You give the money, they spend it on the providers of their choice, and then you tax the money back out.

You say, why would the providers accept it? Because they have to. It would only get the minimum a person needs to survive.

Or a better way with less force on producers: a single payer system like SNAP program, that mandates producers sell basic food amount for a certain price if someone comes with food stamps. Because everyone needs food. Why would proucers accept this? Because they make up for it on volume of everyone who has the food stamps (in this scenario, everyone).

Same as why doctors currently accept Medicare even though it pays less on average.

> and then you tax the money back out.

What do you mean by that? Tax producers at a higher level to remove the subsidized profits from the system? That will have the same effect as before except higher taxes and decreased supply will be the cause of the price increase instead of simply decreased supply. As prices rise more people will need that assistance, thus causing prices to increase faster and faster.

Tuition went up because the feds and states stopped subsidizing tuition. Student loan burden skyrocketed because the feds privatized the game.
Tuition costs seem to follow the enrolment rates pretty closely. It seems the biggest factor is the fact that almost nobody attended postsecondary schools in the past, and now almost everyone does. Supply and demand.
Yes they can, and I benefit from that kind of subsidies (Integrated Farming: https://en.wikipedia.org/wiki/Integrated_farming).

Also, a completely free market doesn't just lead to the tragedy of the commons, but to the rape of Nature.

There is no tragedy of the commons here. The person most incented to care for the soil is the farmer, because their future yields depend upon it.

The truth is soil is likely less important than this article would have you believe. Modern farming and fertilizers have rendered it obsolete.

> The truth is soil is likely less important than this article would have you believe. Modern farming and fertilizers have rendered it obsolete.

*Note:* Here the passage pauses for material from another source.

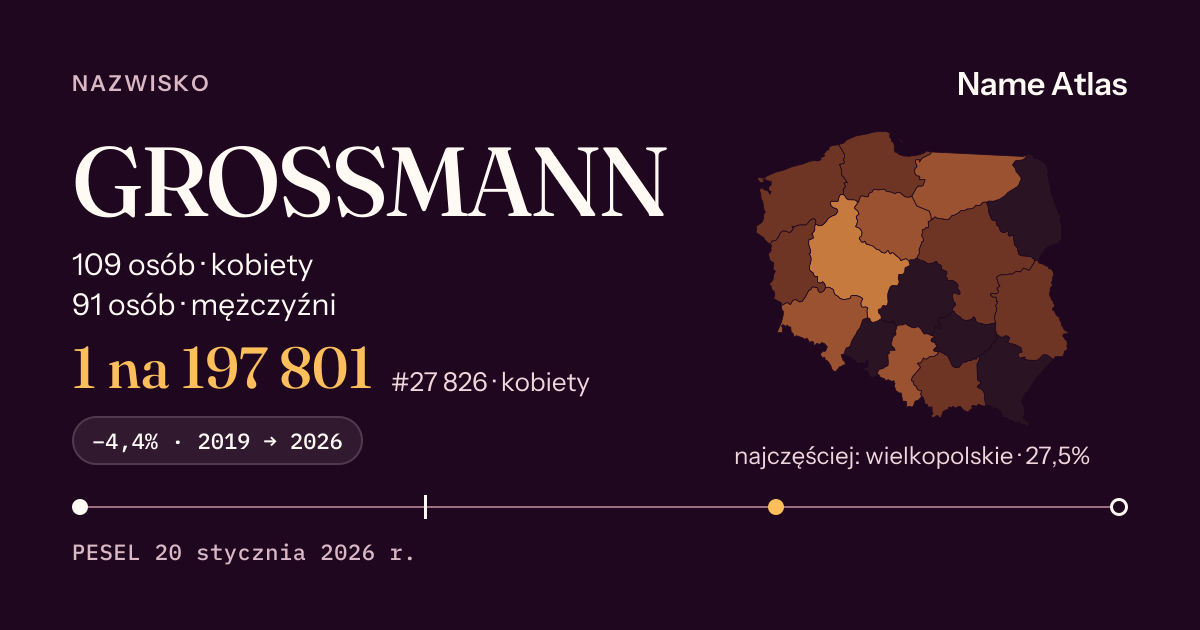 Karta nazwiska z liczbami z rejestru PESEL: GROSSMANN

This can be true to some farmers, but it is not to the big ones. Sure you can apply fertilizer, but you pay for that. If you build your soil the first 7 years you will spend more money for less yields, but after 7 years your better soil will yield more than someone who tries to just apply fertilizer.

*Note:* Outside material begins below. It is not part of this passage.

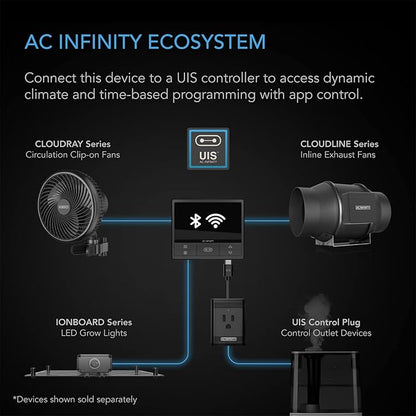 AC Infinity IONBOARD S24, LED Grow Light Board with Samsung LM301H Diodes, Deeper Penetration Full Spectrum Lighting, for Veg Bloom Indoor Plants in Grow Tents Greenhouses (2x4)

The other problem with the apply fertilizer theory is you can only apply so much. Corn needs nitrogen, but too much will kill (or stunt) the corn. Good soils will produce nitrogen every day in smaller amounts.

Of course with we are talking about potassium, that is a mineral and you need to replace what you take off the land either way. So soil health alone cannot be the answer, soil health with fertilizer is ultimately a much better answer.

>The truth is soil is likely less important than this article would have you believe. Modern farming and fertilizers have rendered it obsolete.

Having lived around farming for a few years and known / worked with many farmers, this isn't true at all. Soil and soil health is incredibly important.

How do you figure that? Tragedy of the commons happens in the absence of ownership.
You are right, but that is just the case of rivers, phreatic water and the deep subsoil.

It must be the State reclaiming ownership of those commons, making people that benefit from them pay for their maintenance.

Why must the State own them in order for that to happen? History - especially that of the USSR in recent times - suggests that there are better alternatives.
The State owning them is a proxy for shared responsibility. Because in democracies, the people controls the State by means of parliaments/senates/etc.

Besides, the State doesn't have to own everything. There's a middle ground between the flexibility of private ownership and the rigorousness of public management.

In the USSR everything was controlled by the State, and the State wasn't accountable by means of democracy.

I must say that from were I come, I have some pretty good examples of good public management, like healthcare and water management.

Yea, totally, the commons existed for thousands of years because it isn't sustainable.